What is needed — Find the word "Casual" in the records below. List each line containing it.

Source information —
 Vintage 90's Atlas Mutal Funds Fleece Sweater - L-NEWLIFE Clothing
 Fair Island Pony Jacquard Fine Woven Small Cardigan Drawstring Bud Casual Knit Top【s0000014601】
--
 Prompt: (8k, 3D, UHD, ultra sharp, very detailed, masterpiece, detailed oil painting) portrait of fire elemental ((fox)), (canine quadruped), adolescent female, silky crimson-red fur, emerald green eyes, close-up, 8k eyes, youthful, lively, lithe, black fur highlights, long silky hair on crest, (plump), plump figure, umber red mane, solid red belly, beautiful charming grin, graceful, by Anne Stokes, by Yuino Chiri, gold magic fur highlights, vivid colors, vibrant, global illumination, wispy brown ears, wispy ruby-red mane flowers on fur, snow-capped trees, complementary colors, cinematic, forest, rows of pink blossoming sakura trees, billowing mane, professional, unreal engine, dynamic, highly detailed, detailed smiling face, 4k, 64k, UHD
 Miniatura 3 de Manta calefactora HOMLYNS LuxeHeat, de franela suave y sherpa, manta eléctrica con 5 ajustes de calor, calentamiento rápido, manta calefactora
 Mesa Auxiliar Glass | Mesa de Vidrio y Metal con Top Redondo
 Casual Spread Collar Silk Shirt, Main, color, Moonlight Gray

Answer area —
 Fair Island Pony Jacquard Fine Woven Small Cardigan Drawstring Bud Casual Knit Top【s0000014601】
 Casual Spread Collar Silk Shirt, Main, color, Moonlight Gray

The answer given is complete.